(Image-caption web data)
------------------------------------------------

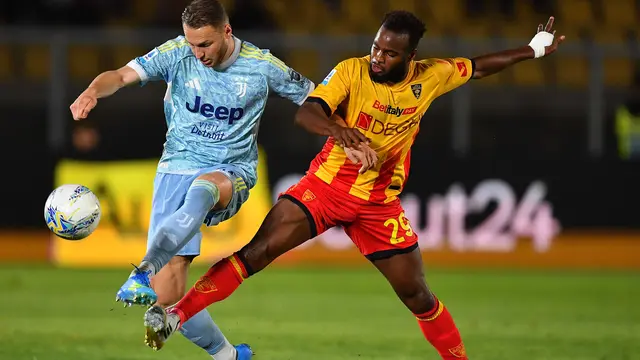 Pemain Lecce Lassana Coulibaly (kanan) dan pemain Juventus Teun Koopmeiners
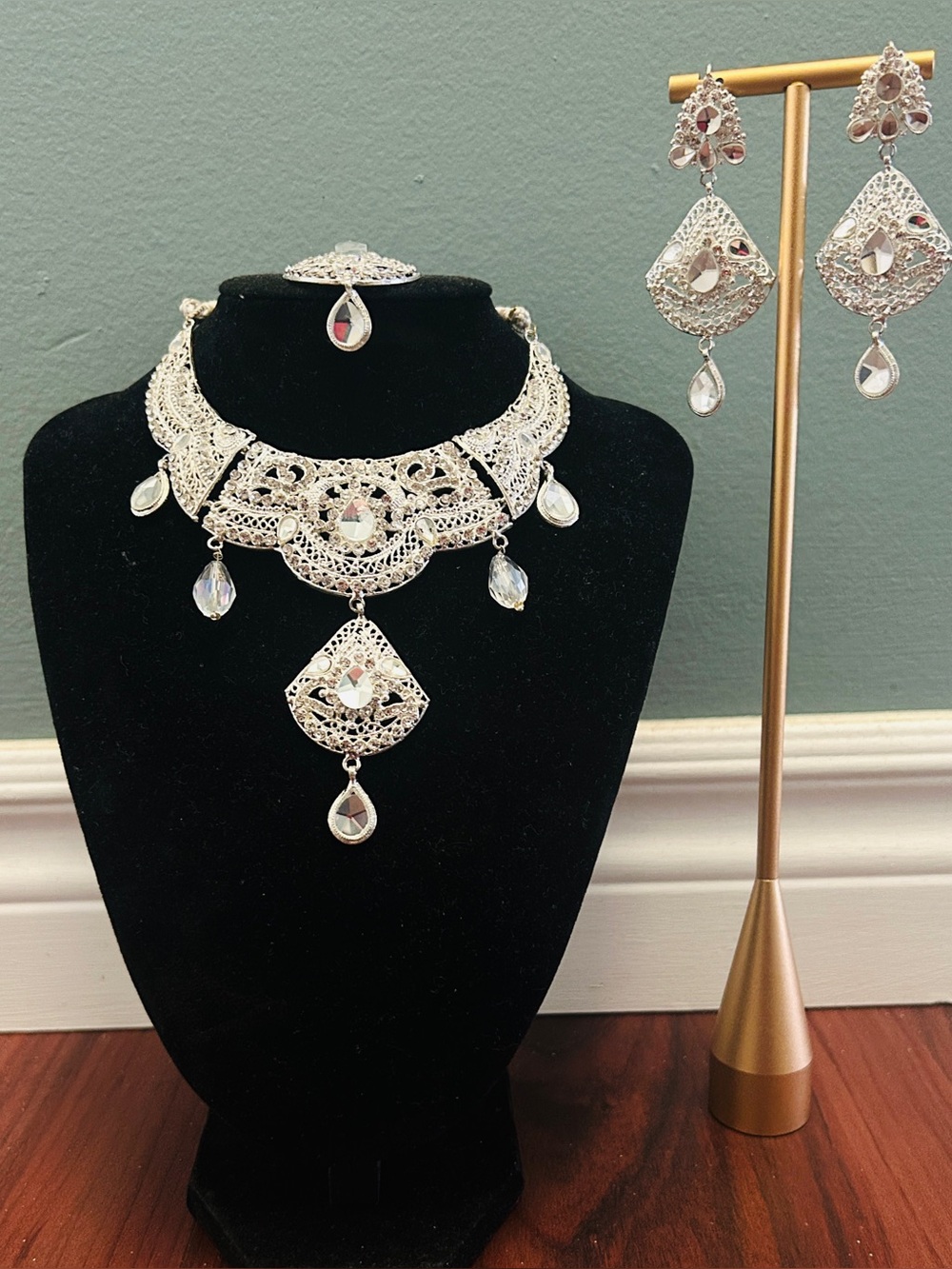 Silver-plated Choker Necklace & Earring Set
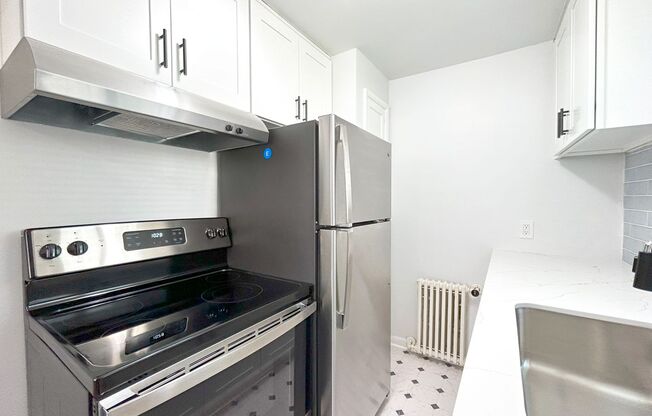 1 bed, 1 bath, 670 sqft, $1,995, Unit Hamrick 105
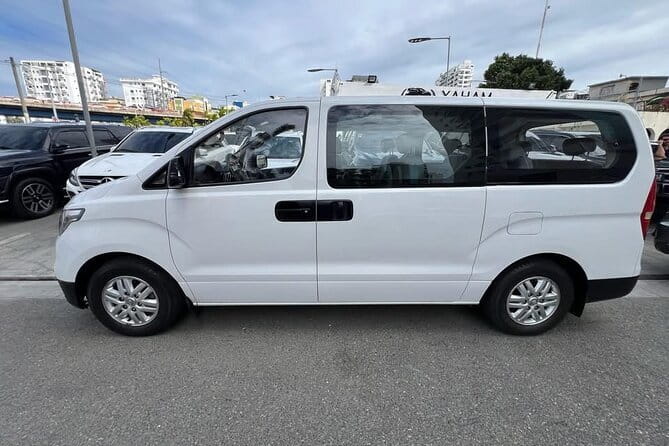 Private transfer from Puntacana airport to hotels-luxury services - The Ride to Bávaro: Air-Con Comfort, Wi‑Fi, and a Smooth Flow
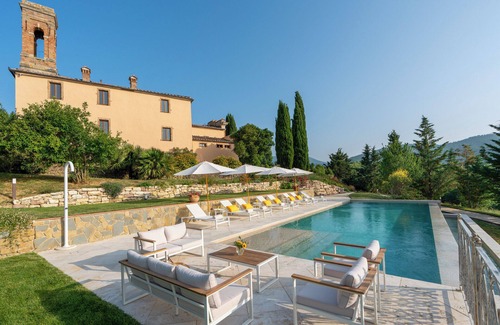 Radicondoli Villa | Historic home San Lorenzo in Montalbano
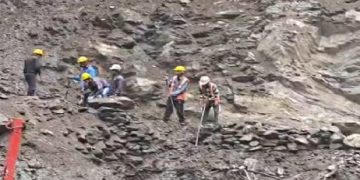केदारनाथ यात्रा मार्ग पर फिर आफत! चीरबासा में मलबा-पत्थर गिरने से रास्ता बंद, गौरीकुंड में रोके गए यात्री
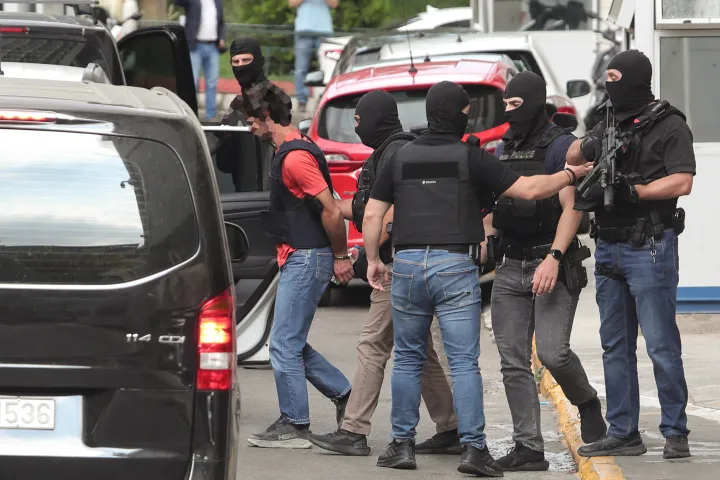 Πλερέζες έβαλαν οι «προοδευτικοί» με τις συλλήψεις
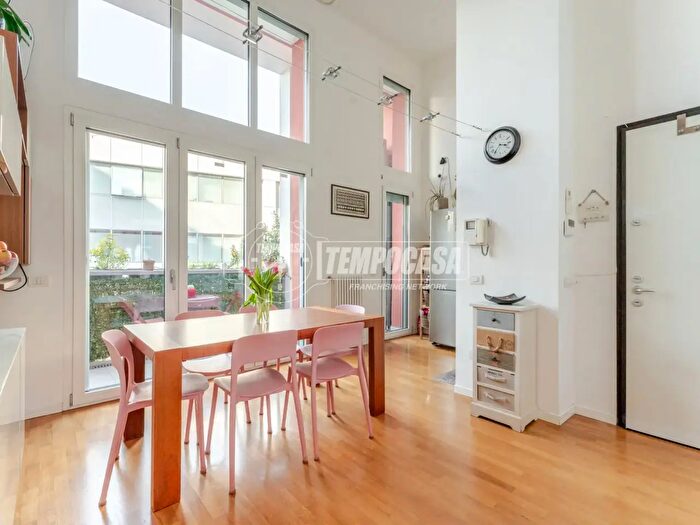 Appartamento trilocale in vendita in Viale Monza, Milano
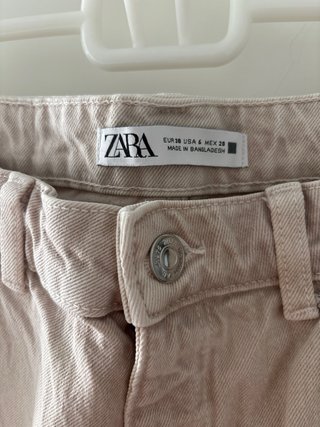 Pantalones vaqueros Zara beige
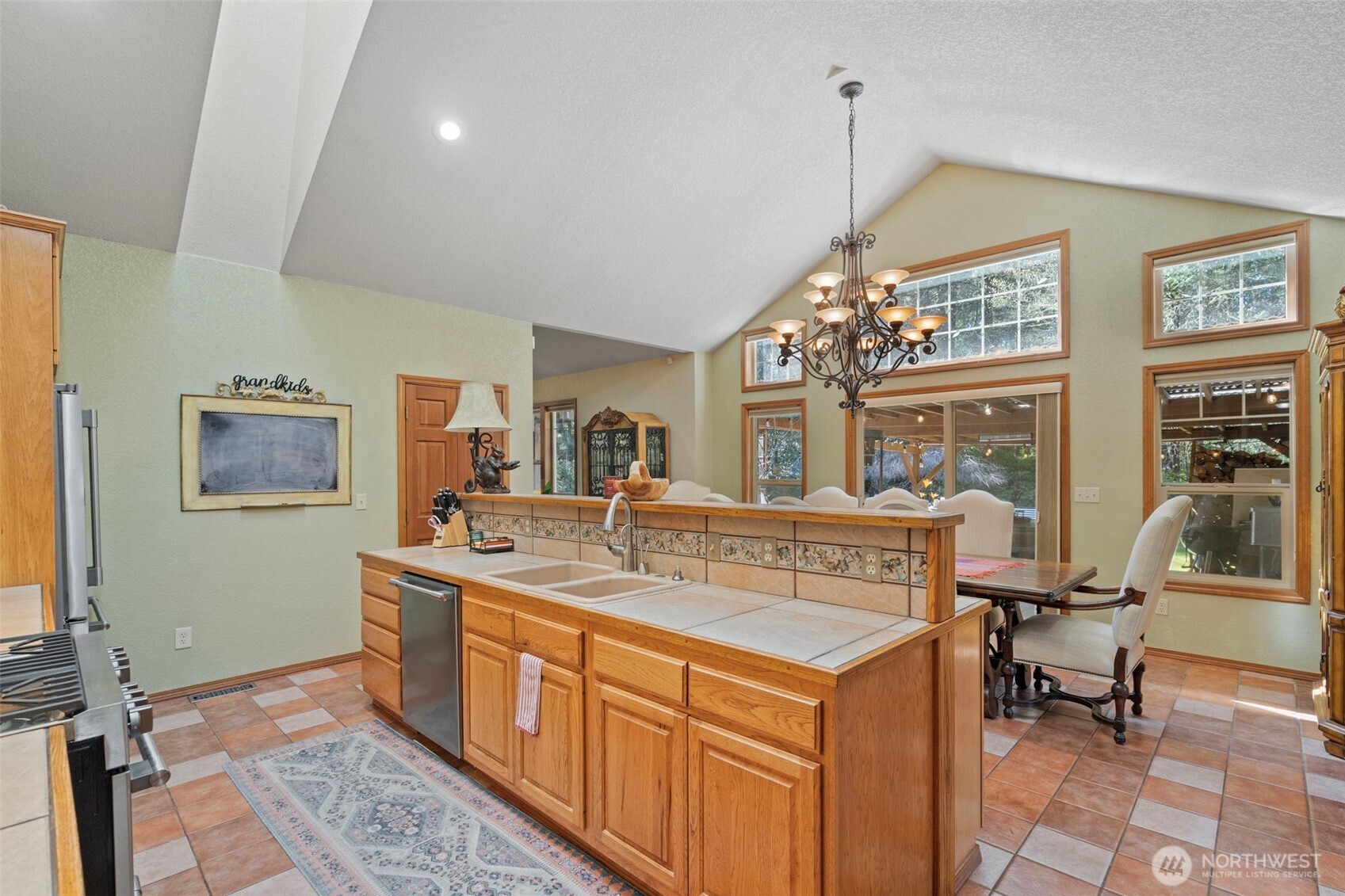 5007 Foxtrail Drive NE, Olympia, WA 98516-2121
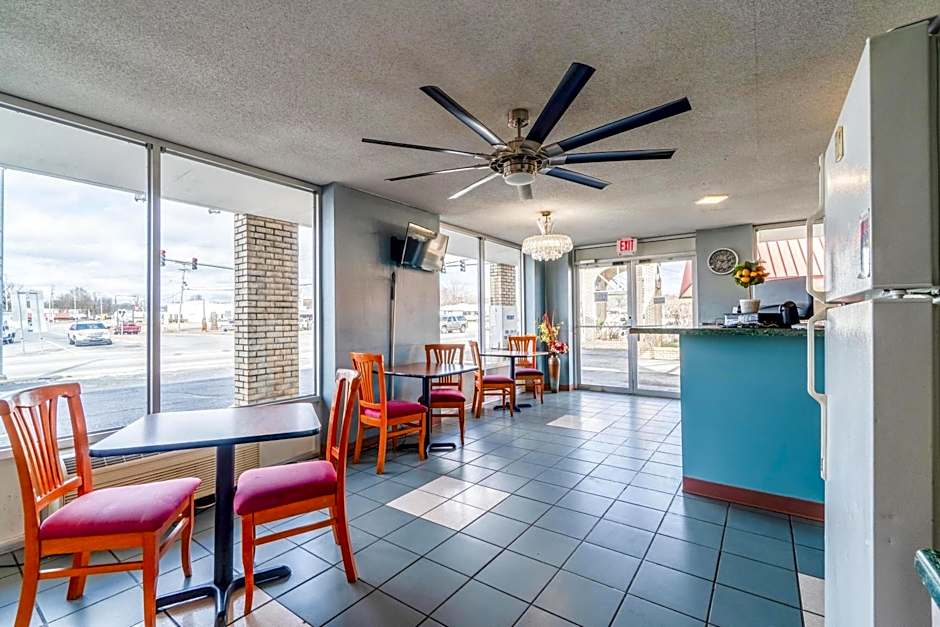 Ozark Junction mountain view by OYO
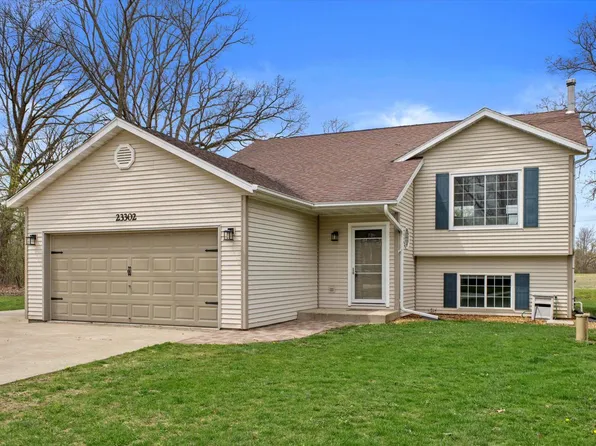 23302 Norwood DRIVE, Waterford, WI 53185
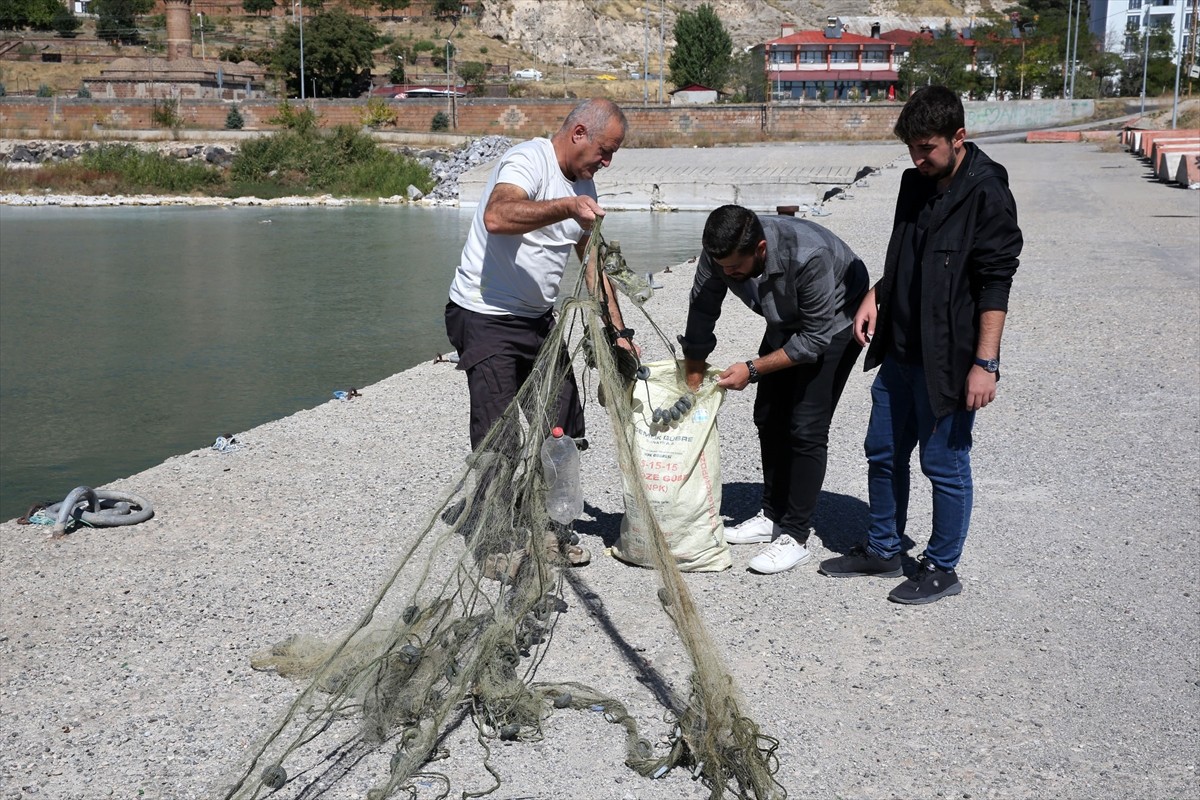 Bitlis'te Dalgıçlar Hayalet Ağı Temizledi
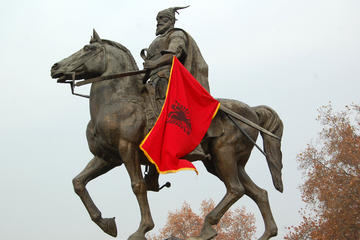 Skanderbeg Statue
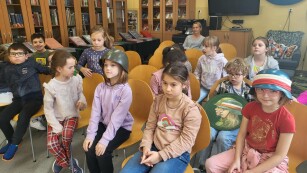grupa uczniów podczas spotkania w czytelni szkoły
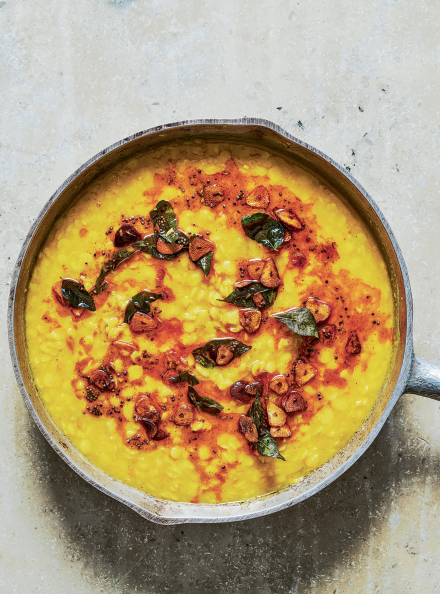 Toor dal with curry leaves, tamarind and coriander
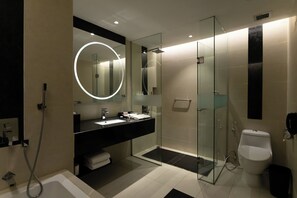 Deluxe Room, 1 Katil Raja (King) (Grand Deluxe) | Bilik Mandi | Pancuran mandi, hulu semburan mandi hujan 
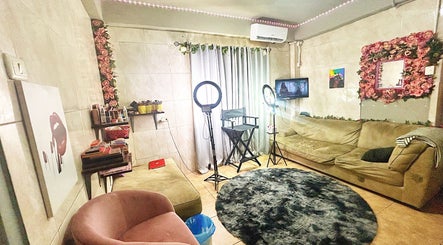 RayofBeauty Glam Studio and Spa image 2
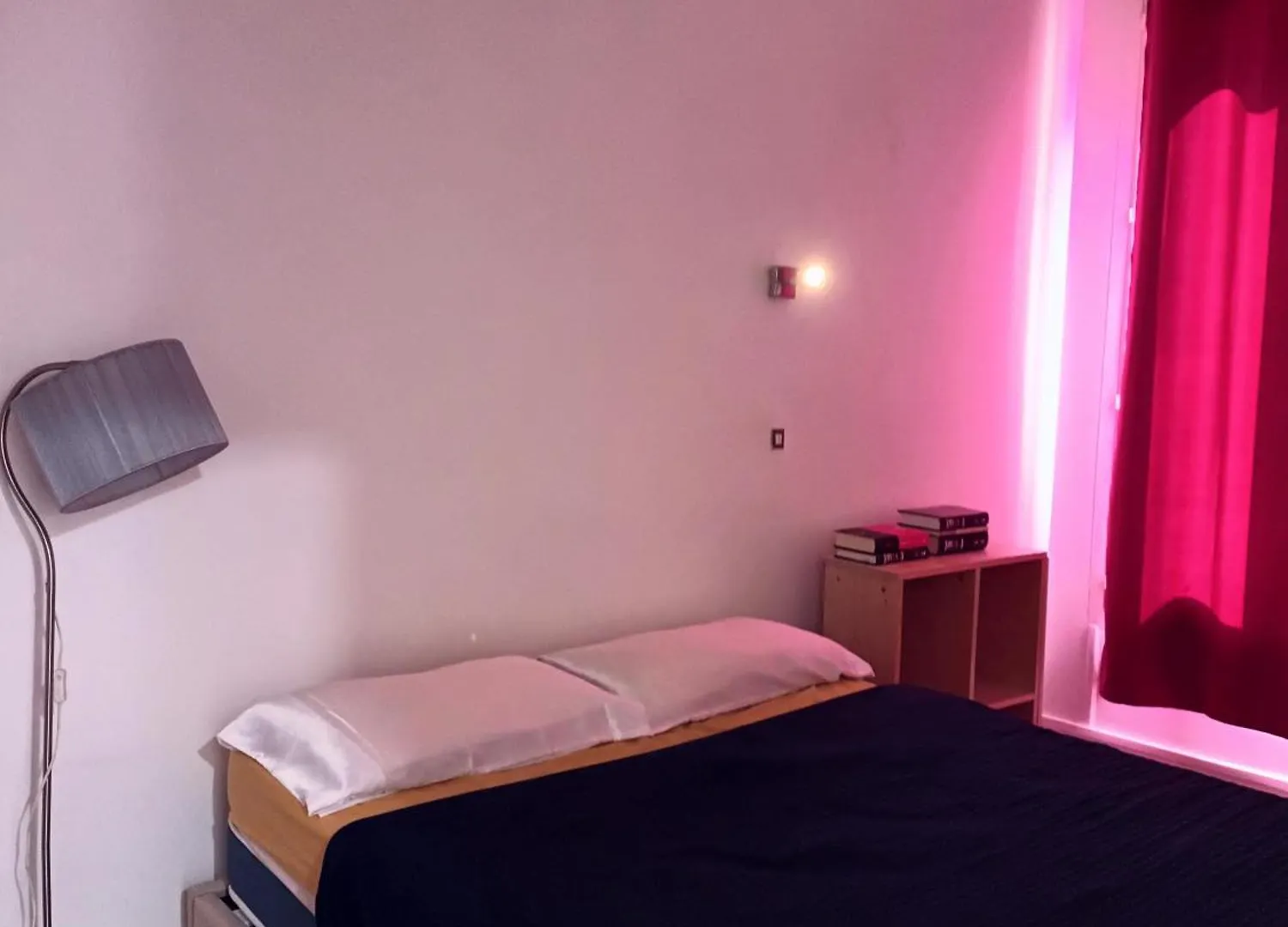 Apartment Appartement Ensoleille, Calme Rue Jonquoy, 14E Arrondissement Paris
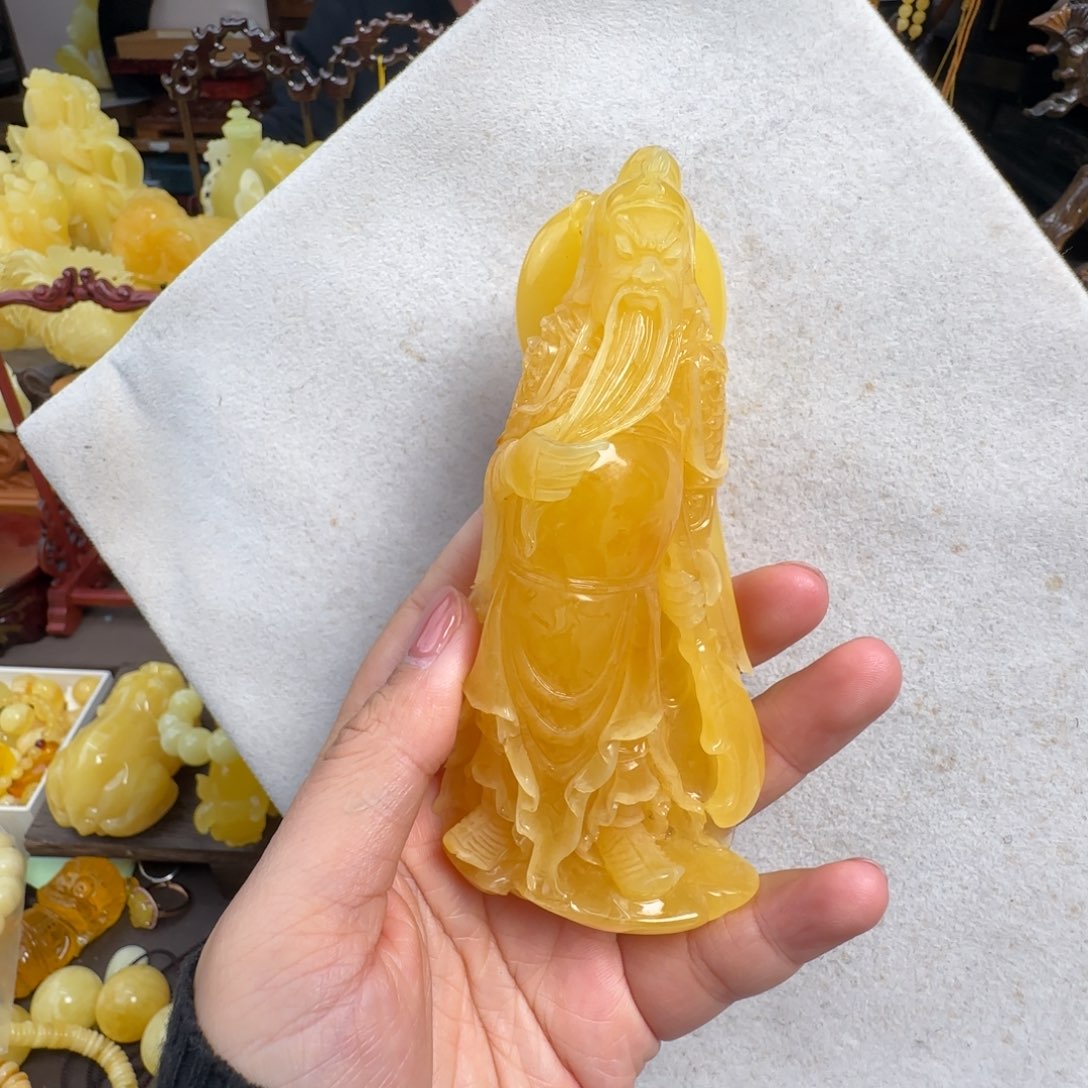 蜜蜡未镶嵌珠宝奇石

------------------------------------------------

A faithful, word-for-word copy of the records above, pictures left out, is the answer.

→ Problem solution
 Pemain Lecce Lassana Coulibaly (kanan) dan pemain Juventus Teun Koopmeiners
 Silver-plated Choker Necklace & Earring Set
 1 bed, 1 bath, 670 sqft, $1,995, Unit Hamrick 105
 Private transfer from Puntacana airport to hotels-luxury services - The Ride to Bávaro: Air-Con Comfort, Wi‑Fi, and a Smooth Flow
 Radicondoli Villa | Historic home San Lorenzo in Montalbano
केदारनाथ यात्रा मार्ग पर फिर आफत! चीरबासा में मलबा-पत्थर गिरने से रास्ता बंद, गौरीकुंड में रोके गए यात्री
 Πλερέζες έβαλαν οι «προοδευτικοί» με τις συλλήψεις
 Appartamento trilocale in vendita in Viale Monza, Milano
 Pantalones vaqueros Zara beige
 5007 Foxtrail Drive NE, Olympia, WA 98516-2121
 Ozark Junction mountain view by OYO
 23302 Norwood DRIVE, Waterford, WI 53185
 Bitlis'te Dalgıçlar Hayalet Ağı Temizledi
 Skanderbeg Statue
grupa uczniów podczas spotkania w czytelni szkoły
 Toor dal with curry leaves, tamarind and coriander
 Deluxe Room, 1 Katil Raja (King) (Grand Deluxe) | Bilik Mandi | Pancuran mandi, hulu semburan mandi hujan 
 RayofBeauty Glam Studio and Spa image 2
 Apartment Appartement Ensoleille, Calme Rue Jonquoy, 14E Arrondissement Paris
 蜜蜡未镶嵌珠宝奇石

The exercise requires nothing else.